Historically, development as a service has covered a wide range of market segments. Everything from education, federal/military, commercial, office, industrial, mixed use, and retail, all fall in the wheelhouse of a development team.
Specifically, over the past couple of years at BHC RHODES we have taken note of increasing demand in healthcare development opportunities. Two main trends that seem to be taking hold of the healthcare industry at the moment include the addition of small hospitals in urban locations and new construction in rural areas.
Small hospitals are meant to serve as a unique healthcare alternative to the emergency room, and to provide emergency services and urgent care, imaging services, and low acuity inpatient operations in a more convenient and smaller setting than a traditional hospital. As Rick Embers, Principal with Pulse Design Group points out, “Convenience is key. Small/ ‘micro’ hospitals are a fairly new concept in healthcare that aims to provide convenient, quick access to medical services. Trends show that these micro hospitals are centrally located, making a visit to receive medical treatment as convenient as a routine stop for a cup of coffee. This concept is still in its’ infancy and it will be interesting to see if it becomes the ‘new norm’ for healthcare delivery.” In the Kansas City metro these small hospitals are appearing in more traditional retail pad sites, usually located in close proximity to residential areas that otherwise may not have easy access to healthcare or a large hospital.

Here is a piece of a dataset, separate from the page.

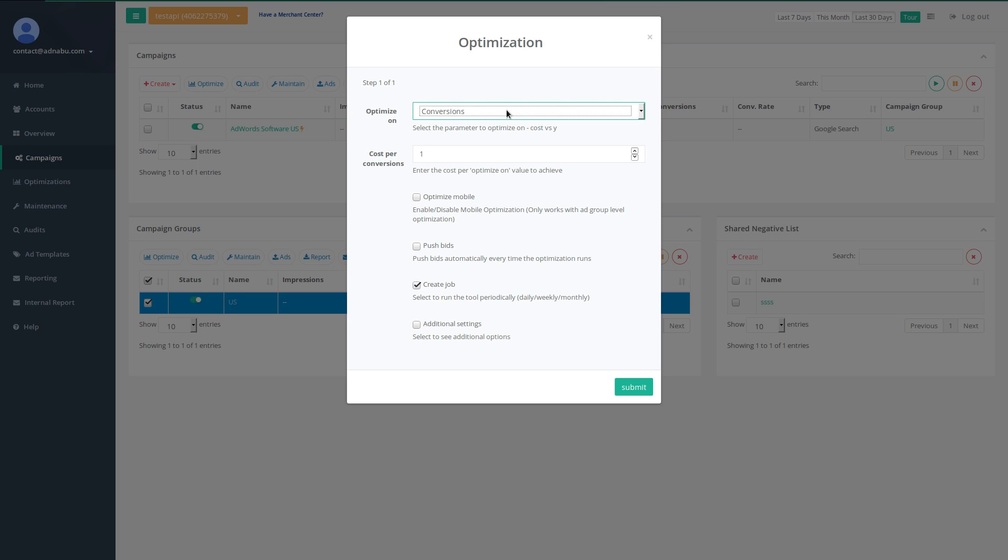I would recommend conversions or conversion value if you are an e-commerce company. Cost per conversion is the target, ideal target where you want to optimize your campaigns on.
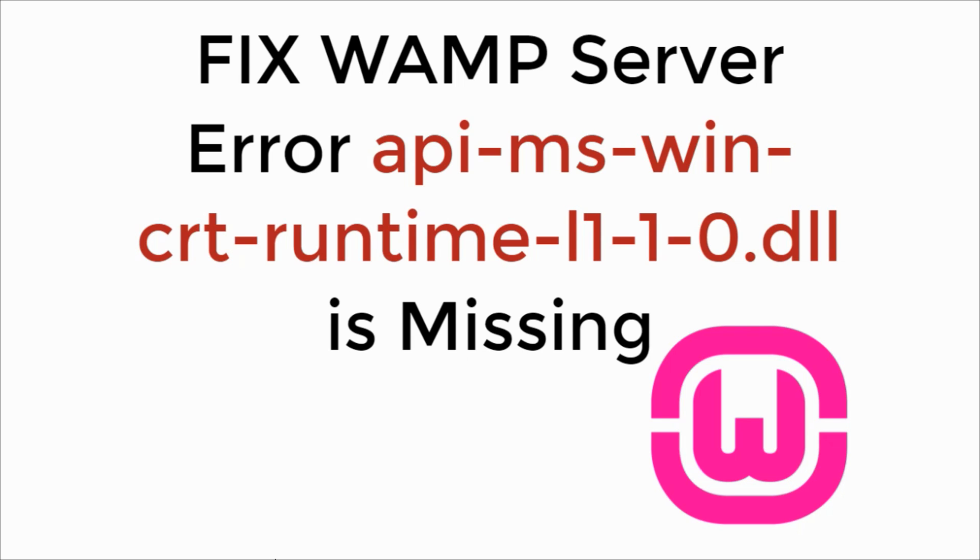In this video, we will learn to fix WAMP Server Error API-MS-Win-CRT-Runtime.dll is missing. So let's begin.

The other prevalent trend in healthcare right now revolves around rural areas and their desire to revamp outdated healthcare facilities. In past years we have seen rural hospitals making patchwork improvements and repairs to their existing facilities. However “Currently, we are seeing a rise in the magnitude of rural hospital construction, which is driven by market demand,” Embers notes, “rural hospital infrastructures are typically dated due to lack of funding and rural hospitals understand the importance of providing adequate healthcare to their communities and they do not want to lose patients to ‘big city’ treatment options.” Particularly of interest, is that most of these ventures are being both publicly and privately funded which clearly shows the demand and desire for such buildings within small communities.
We have no doubt that the ever-evolving healthcare industry will continue to surprise us with new trends in the months and years ahead. Ultimately, we would love the opportunity to improve the communities we serve by providing our engineering services to industries in the development and healthcare sector.